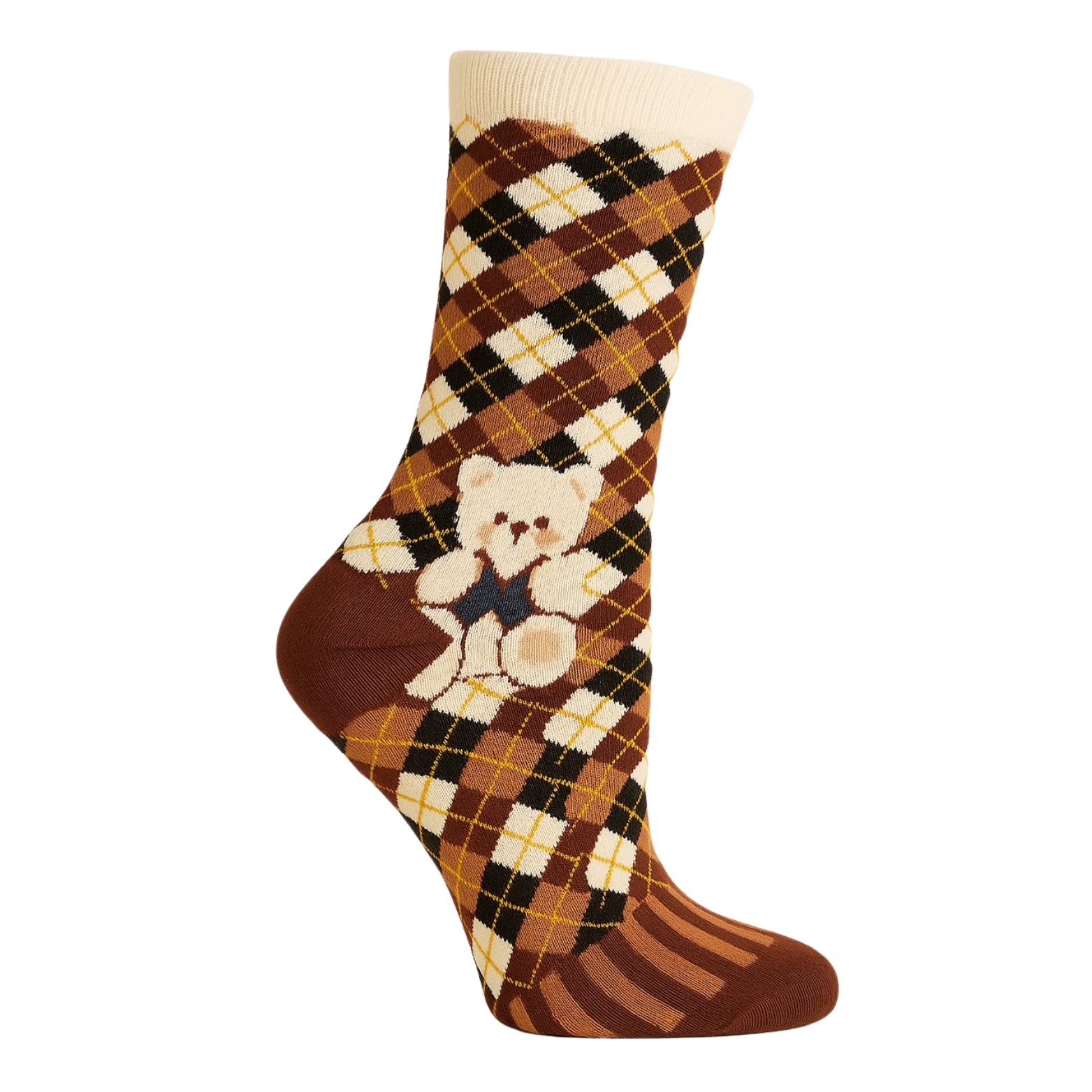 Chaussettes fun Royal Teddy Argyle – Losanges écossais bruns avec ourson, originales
...
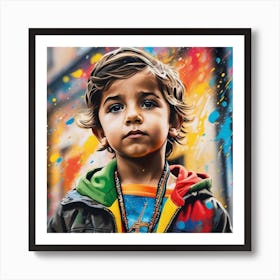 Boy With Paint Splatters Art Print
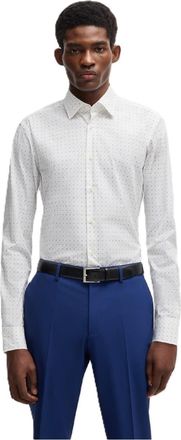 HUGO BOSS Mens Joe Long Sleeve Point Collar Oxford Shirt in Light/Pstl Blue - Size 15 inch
...
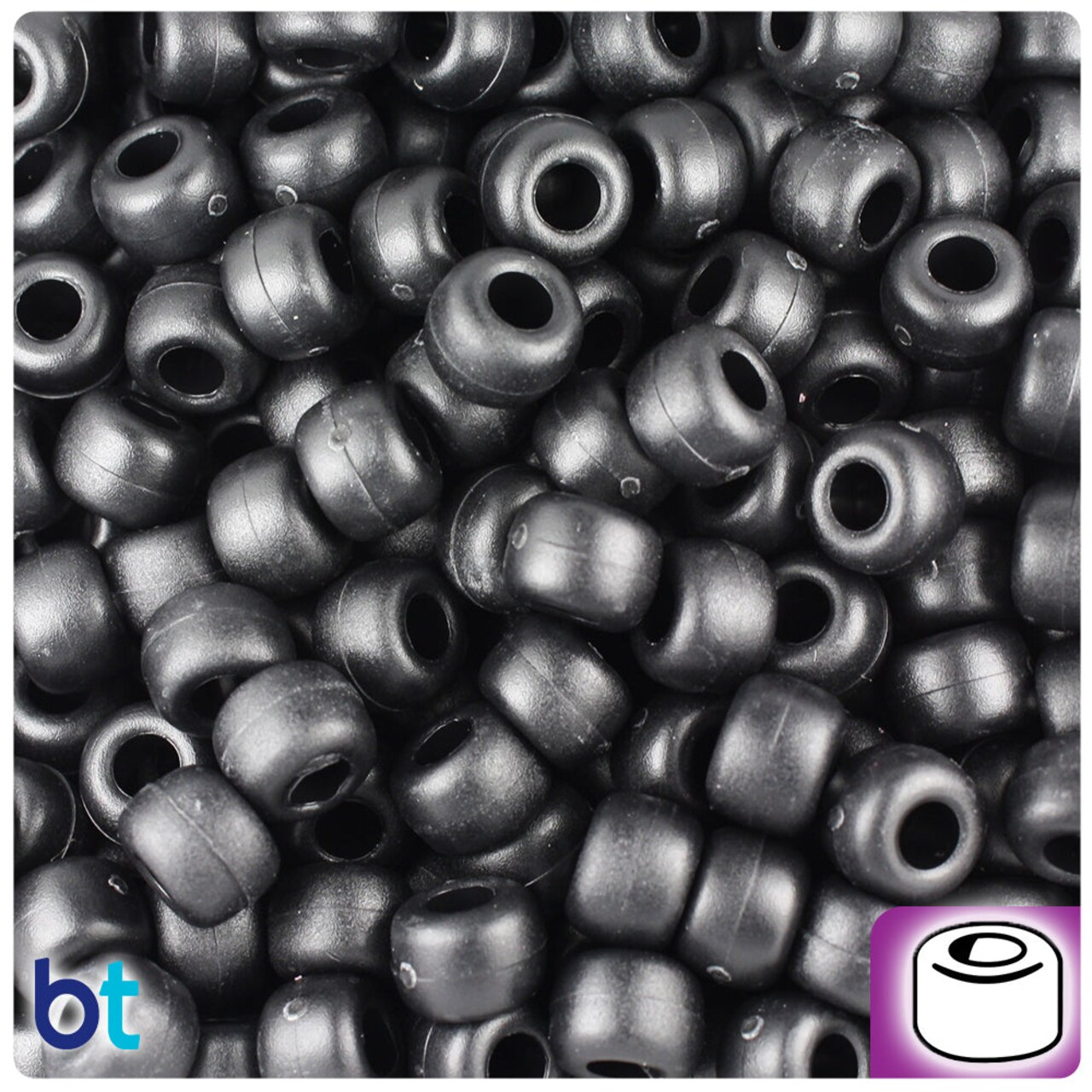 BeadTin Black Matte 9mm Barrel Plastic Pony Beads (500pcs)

Task statement:
Return exactly the lines that appear in the data above between the line containing "Boy With Paint Splatters Art Print" and the line containing "HUGO BOSS Mens", both of which are included, and leave the pictures out.

Task response:
 Boy With Paint Splatters Art Print
 HUGO BOSS Mens Joe Long Sleeve Point Collar Oxford Shirt in Light/Pstl Blue - Size 15 inch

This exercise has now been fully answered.